La retraite, c'est un cap, un pic, un horizon, une ligne au lointain qui s'échappe et revient, qui nous nargue et nous subjugue. Disons-le : c'est une religion, un culte avec ses servants, ses dévots, ses pythies. Au point qu'il est devenu commun d'entendre : "Je pars en retraite !" ou encore "Il est parti en retraite." Erreur vénielle qui souligne une confusion entre l'action de se retirer du monde (avec un petit "m", cette fois) pour une méditation d'ordre spirituel et l'inaction professionnelle perpétuelle... Or le futur retraité n'aspire pas à se confondre en prière. Buller n'est pas prier ! Le retraité aspire au repos mérité - un repos festif, laïque et républicain. La semaine dernière l'a définitivement démontré : il n'y a qu'une retraite en France susceptible de déclencher la passion, propre à mettre le pays sens dessus dessous. La retraite par répartition répartie au mieux de ses intérêts.

Dans un petit livre de citations formidable paru voilà deux ans, le grand sinologue Simon Leys propose un florilège de ses phrases préférées. Voyons voir ce qu'il a bien pu trouver à "retraite". Voyons, voyons... "Réalité", "Rectitude", ah ! voilà :

"Retraite : Jubilación."

Magnifique, non ? Cela ne s'invente pas. Simon Leys, scientifique discipliné, donne ses sources : "Dictionnaire français-espagnol." L'espagnol ne peut pas mentir. Dans cejubilación-là se concentre tout le rêve de la retraite et son fantasme. Pas question de toucher à une once de ce nirvana à tous promis. Un jour ou l'autre, quand nous serons à la retraite, nous dormirons d'un sommeil entier et pur...

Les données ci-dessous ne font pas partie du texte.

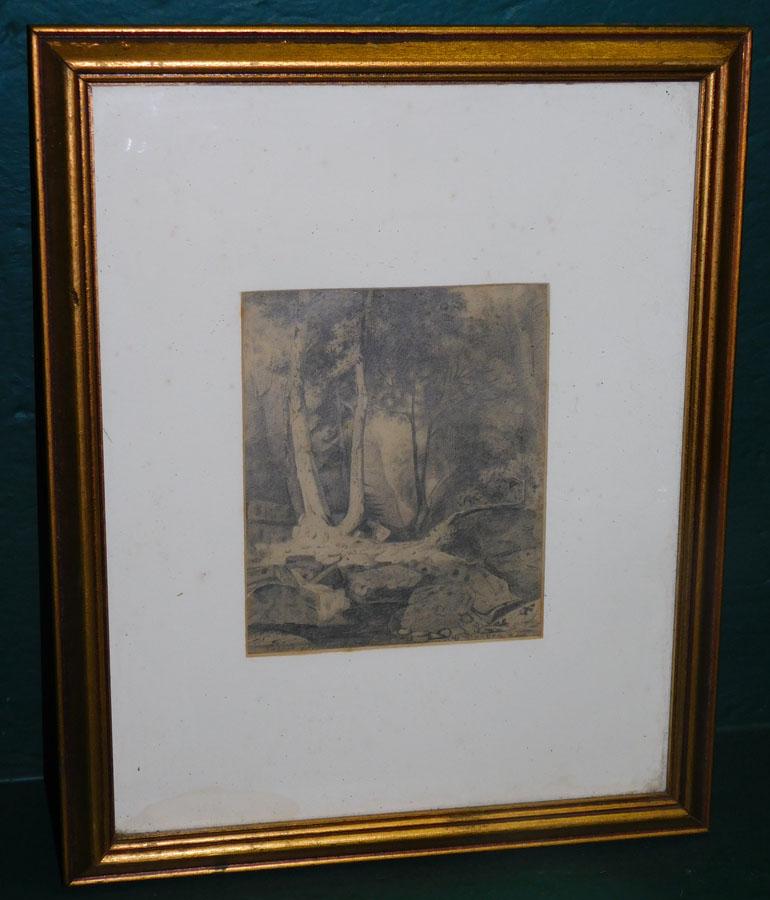 Caspar David Friedrich Landscape Painting: Caspar David Friedrich Framed Landscape Painting . 12 3/4" X 15 3/4"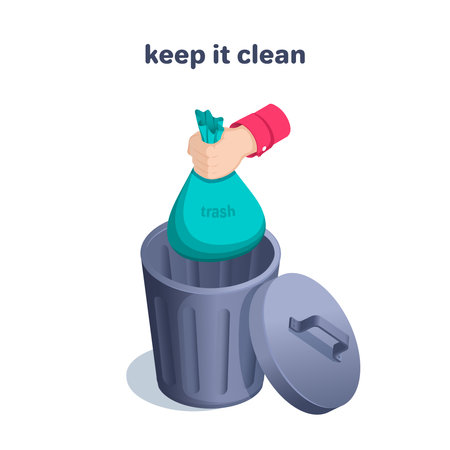isometric vector illustration on a white background, a man's hand throws a bag of garbage into the trash can, keep it cleanのイラスト素材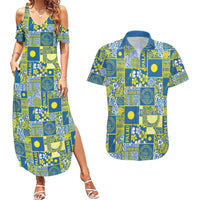 Palau Ungil Kurismas Couples Matching Summer Maxi Dress and Hawaiian Shirt Pacific Patchwork Xmas Vibes LT9 Green - Polynesian Pride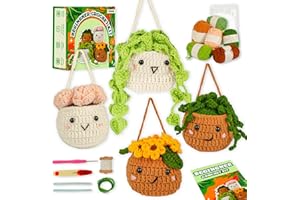 Imcrasy Crochet Kit | Crochet Kit for Beginners | Beginner Crochet & Knitting Kit with Step by Step Video Lessons | 4 PC Cute Potted Plants Crochet Kit with Crochet Accessories(40%+ Yarn) | WhiteBrown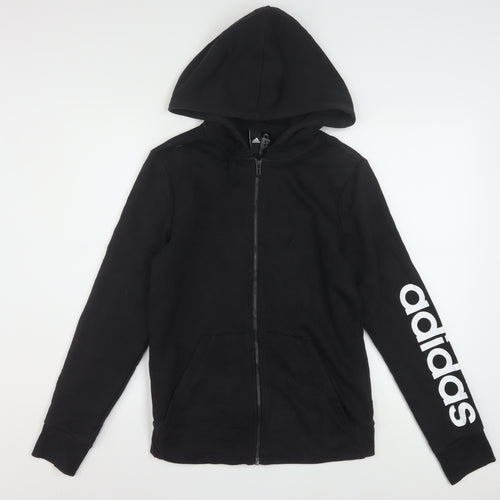 Adidas Womens Black Full Zip Hoodie Size M 12-14 Cotton Blend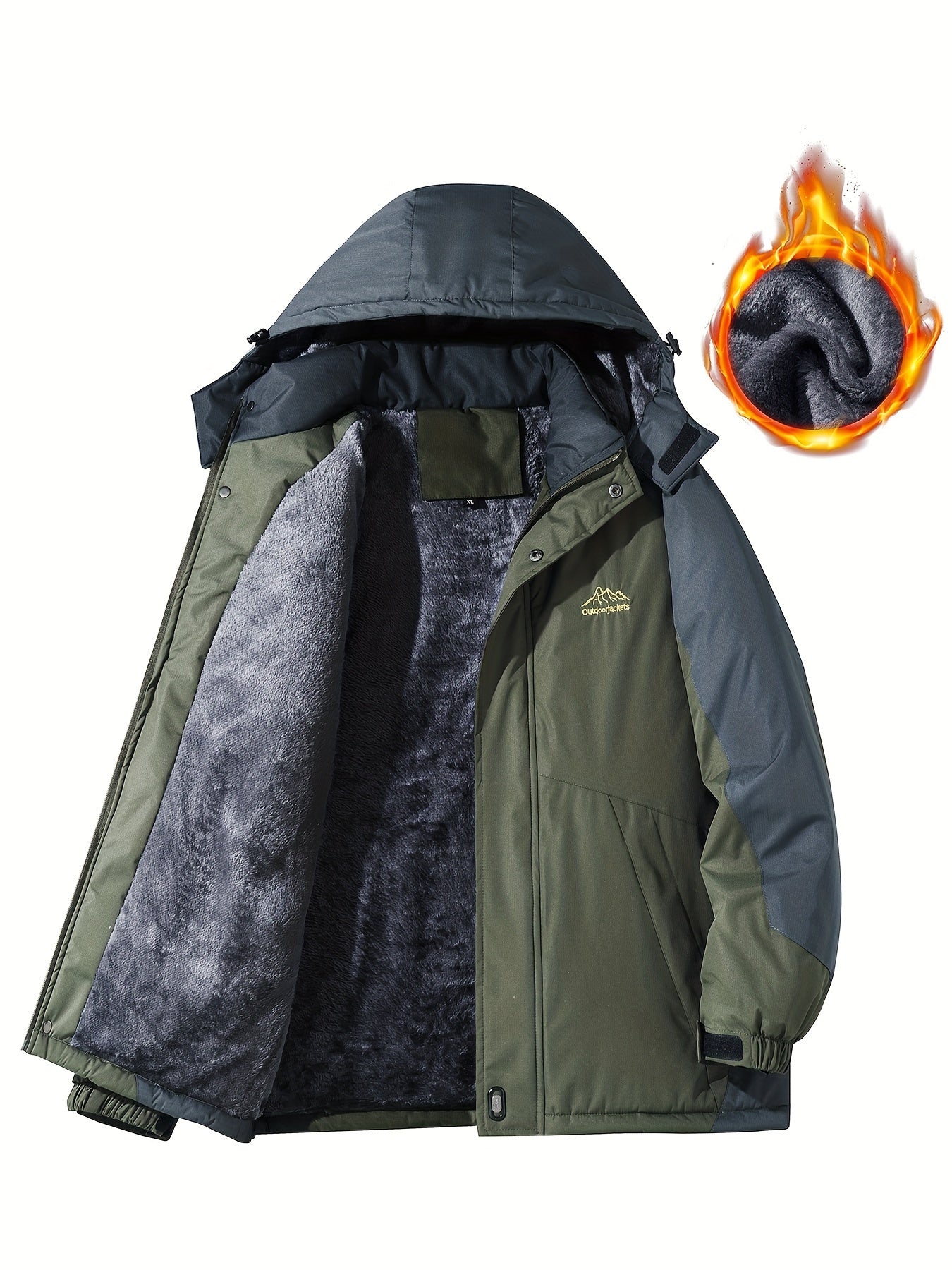 Men's Jacket / Men's Casual Color Block Thick Hooded Jacket, Windproof Single-Layer Fleece Jacket for Fall Winter Jacket Gifts
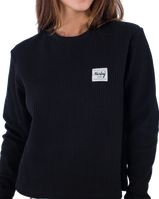 The Hurley Womens Supply Waffle Long Sleeve T-Shirt in Black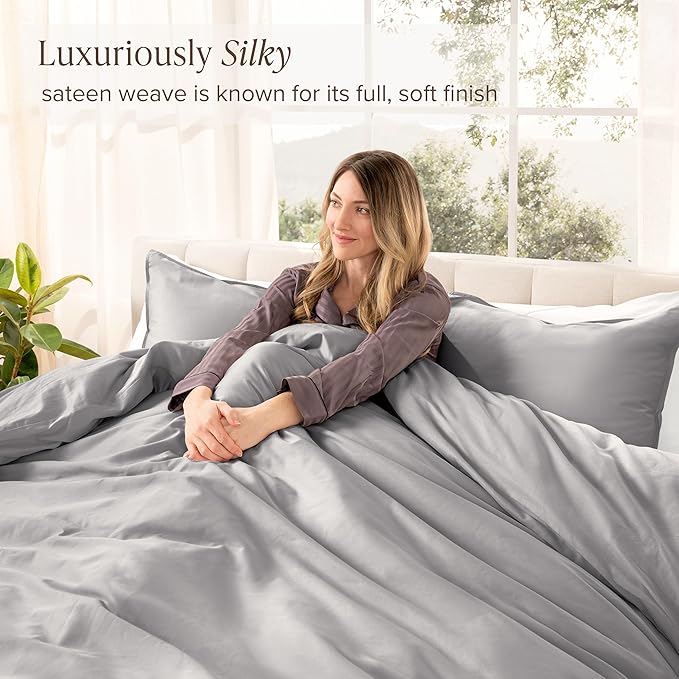 Bare Home 100% Organic Cotton Sateen Duvet Cover Set - Full/Queen Size - 400 Thread Count - Smooth Sateen Weave - Warm & Luxurious - Duvet Cover (Queen, Light Grey)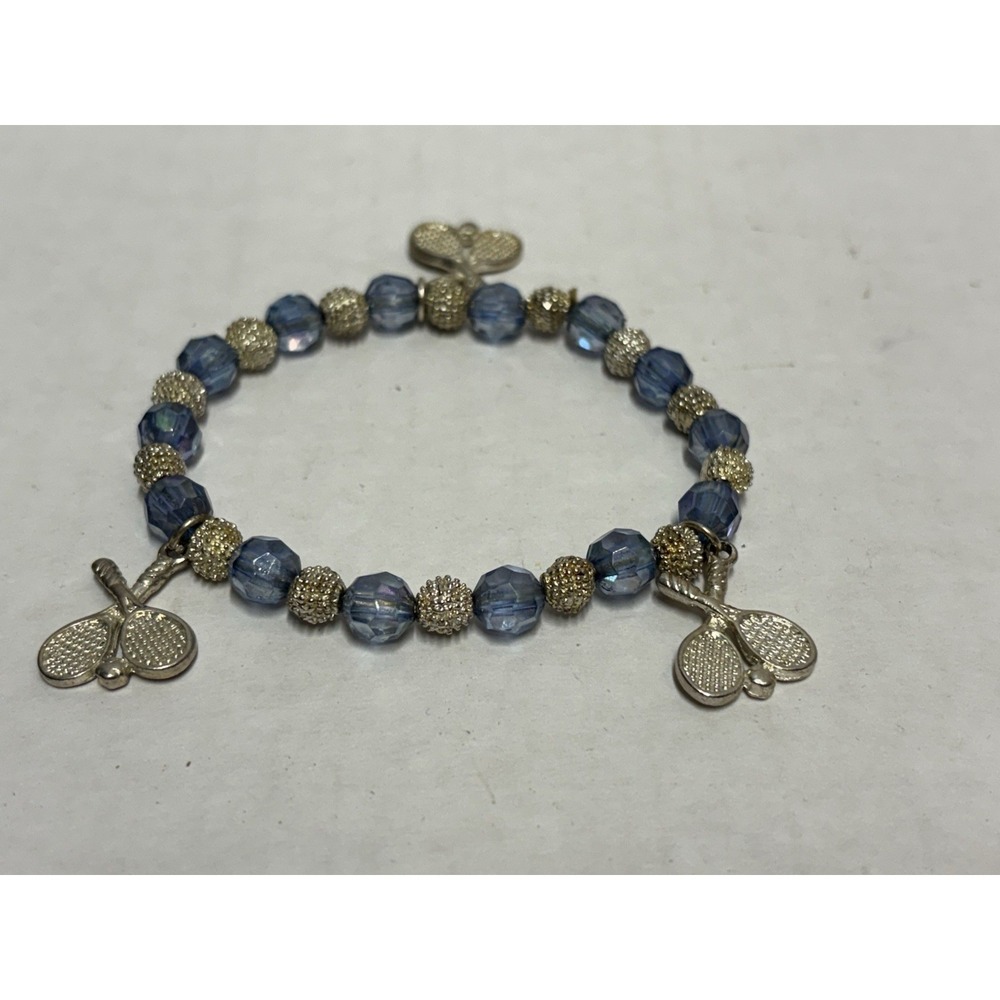 Bracelet Silver Tone Tennis raquets charms blue stretchy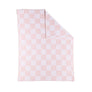Knitted Chenille Blanket - Pink Check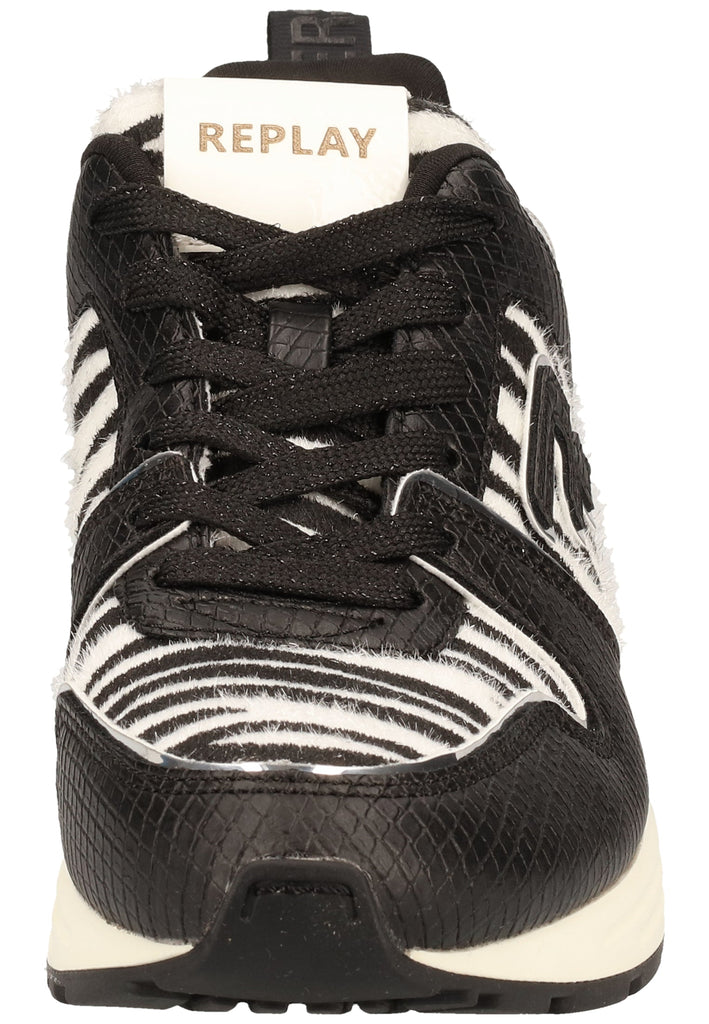 Replay Sneaker Lederimitat Schwarz/Weiß
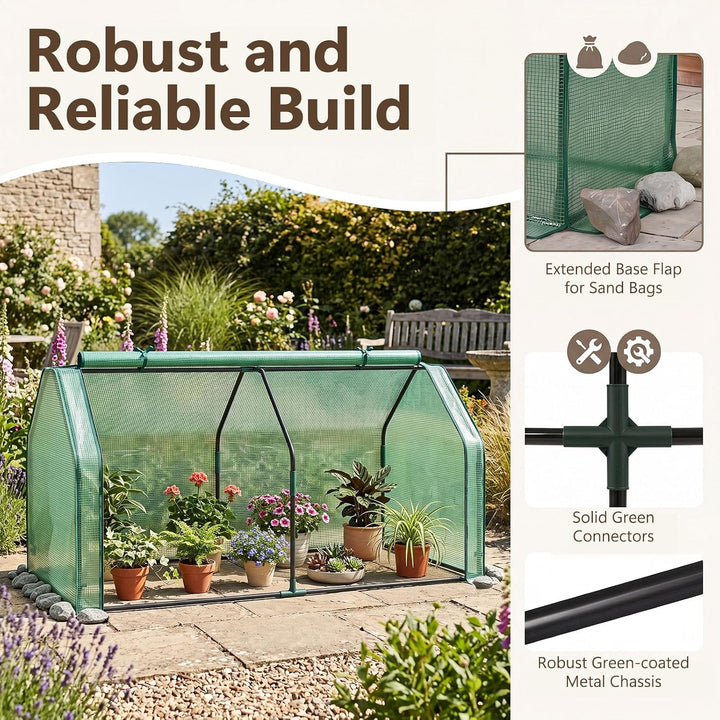 Giantex Mini Portable Greenhouse w/ PE Cover Roll-Up Zipper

Le travail serait-il à ce point ennuyeux et pénible ? Simon Leys a l'air de le penser et le laisse dire par d'autres écrivains dans ce bréviaire intitulé : Les Idées des autres (Plon). Que lit-on à l'entrée "Travail" de ce dictionnaire ? Cela : "Le travail est encore ce que les gens ont inventé de mieux pour ne rien faire de leur vie." C'est signé Raoul Vaneigem, auteur en 1967 d'un Traité de savoir-vivre à l'usage des jeunes générations. Et cela : "Le travail est une infamie." C'est sobre, clair et net. Cela claque au vent, et c'est du Montherlant.

La citation suivante est lapidaire. C'est une invitation au calme. Malheureusement, nous devons en faire l'économie, car l'un des chics de cet ouvrage de 134 pages que l'on peut s'offrir pour la somme de 14 euros est de présenter les citations dans la langue où Simon Leys les a lues la première fois. Et là, c'est du chinois. Deux idéogrammes superbes auxquels il faut ici renoncer... Contentons-nous de la traduction : "Pas de zèle."

Sans aucun rapport avec ce qui précède, cédons encore une seconde au plaisir de citer Simon Leys qui cite Marcel Proust à propos de l'une de nos drogues dures préférées, la presse. Cela tient en une phrase : "Ce que je reproche aux journaux, c'est de nous faire faire attention tous les jours à des choses insignifiantes, tandis que nous lisons trois ou quatre fois dans notre vie des livres où il y a des choses essentielles."

Vrai ou faux, l'essentiel est de pouvoir le dire aussi dans un journal.